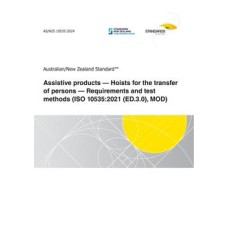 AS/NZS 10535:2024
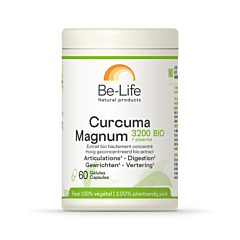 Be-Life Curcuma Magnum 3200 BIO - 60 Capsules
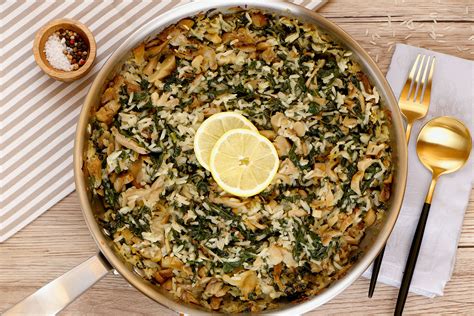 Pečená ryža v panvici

++++

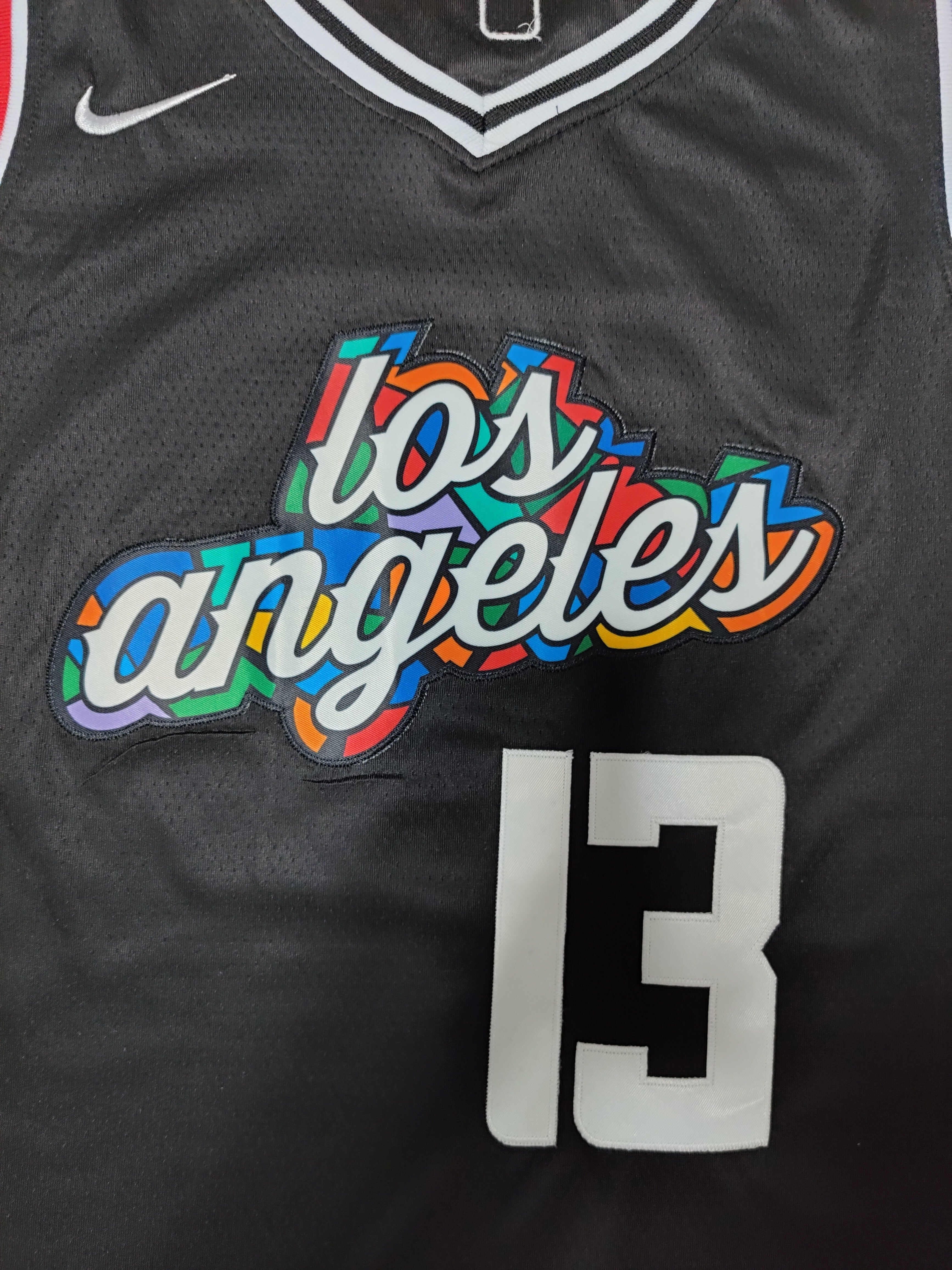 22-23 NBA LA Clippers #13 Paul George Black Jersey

++++

• Directions for this task: Would you transcribe the lines above exactly, going from the line bearing "AS/NZS 10535:2024" through the line bearing "Pečená ryža v panvici", and drop the pictures from the copy?

• Task output:
 AS/NZS 10535:2024
 Be-Life Curcuma Magnum 3200 BIO - 60 Capsules
 Pečená ryža v panvici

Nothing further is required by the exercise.